Consider what North Korean military official Yun Jong Bum said of the South Koreans: “The boneheads appear to have completely forgotten the fact that Yeonpyeong Island was smashed by our military’s bolt of lightning a few years ago.” Troubling words indeed when you realize he probably wouldn’t have said those things without approval from his Dear Leader Kim Jong-un. This is not wise or prudent language coming from the highest echelons of a government. Can you imagine Barack Obama, David Cameron, Benjamin Netanyahu, or Vladimir Putin using that sort of irresponsible language? No, I can’t either, but coming from Kim Jong-un or one of his high-level subordinates, it’s gotten to the point of not surprising us anymore.
So why are the North Koreans having their little tantrum again? More than likely because they want some aid from the United States; either food, financial, or, as I read somewhere, attracting foreign investment, although I can’t imagine why any company would possibly want to open facilities there. Basically, the North Koreans wouldn’t turn down anything that helps keeps them going. It seems to be their main goal whenever they get belligerent. It’s a funny way to ask for aid, you might think.

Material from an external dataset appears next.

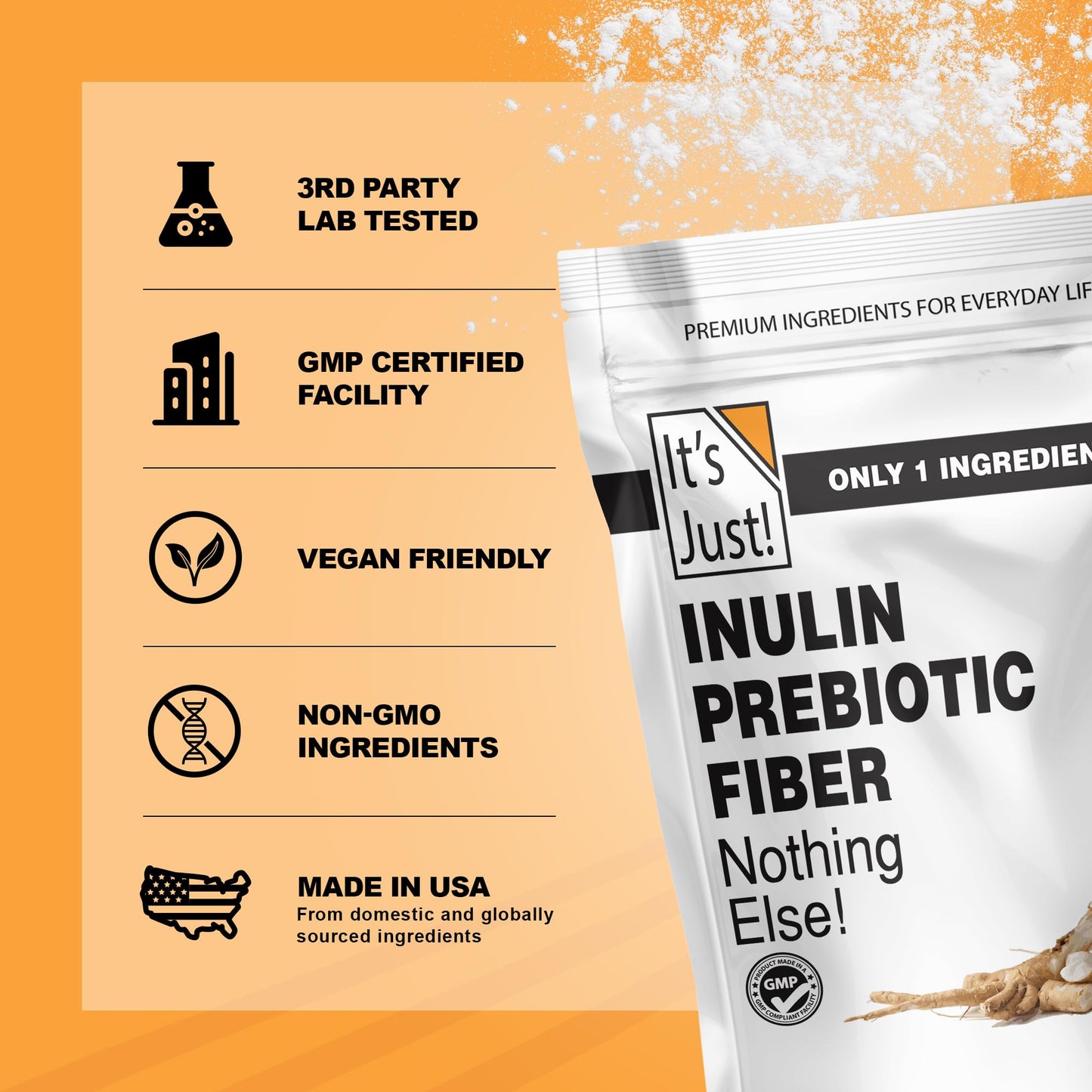 It's Just! - Inulin Prebiotic Fiber, Water Soluble, Chicory Root Powder, Promotes Gut Health, Made in USA, Product of Belgium, Vegan/Keto Friendly It's Just!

So do I, but then the North Koreans seem to have a distinct lack of understanding of how to go about asking for anything, so they don’t ask – they demand, as if it were owed to them. Another idea they don’t seem to grasp is that in order to get something, they have to give something – it’s called exchanging value for value, and is the way every type of business is conducted around the globe every day. Just look at their circumstances – they are a starving country; the average citizen of North Korea doesn’t have anywhere near the life or standard of living that you and I have. The reason for this is that the majority of everything goes to government officials and the military. After all, they have to keep their military fed, trained, and equipped, don’t they?

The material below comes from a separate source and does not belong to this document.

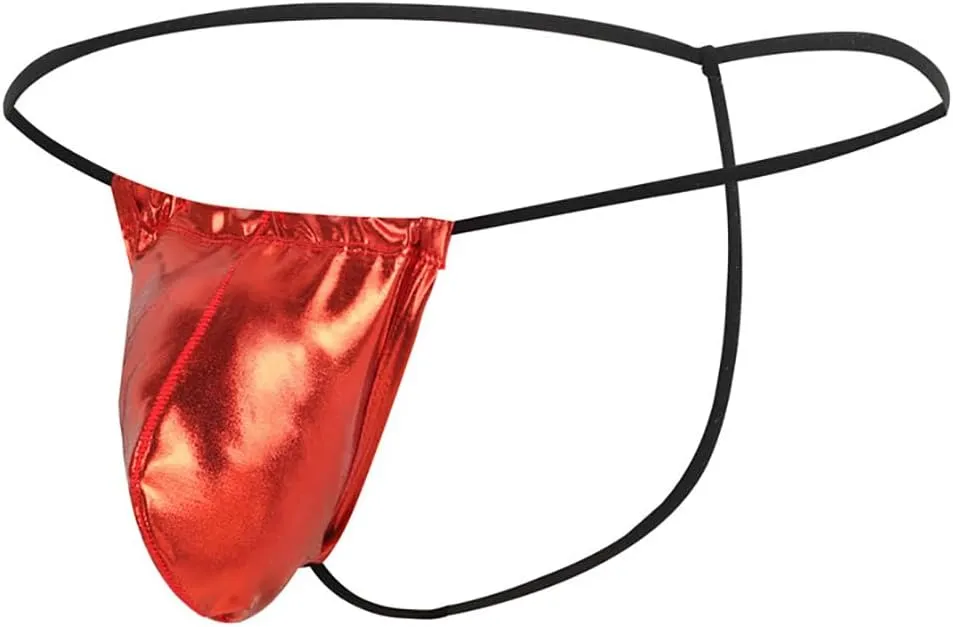 Men's G-string Thong Low-Rise Thongs T-Back Sexy Panties Patent Leather Thong Briefs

Just as an aside, have you ever seen a night-time satellite photo of the two Koreas? The difference is shocking. Whereas the South is full of lights and obviously has a vibrant, thriving economy, the North is, for the most part, almost completely dark. Kim Jong-un and the rest of the leadership of the North must surely know their country is on the skids, but they are either too obtuse to do anything about it or just don’t care. I suspect the former.
According to the Congressional Research Service, between 1995 and 2008, the United States provided more than $1.3 billion in aid to North Korea. About 50% of that was food aid, and about 40% for energy assistance. Since 2009, though, there has been no aid from the United States after North Korea withdrew from talks involving their nuclear program, and also due to sanctions imposed by the U.N. Security Council over the North’s test of a long range missile in April and the test of their first nuclear device in May of that year.
My, my. When will North Korea learn? Don’t hold your breath – I’m certainly not holding mine, but I would urge the United States to not plan to resume aid to North Korea anytime soon. Some investments just don’t pay off.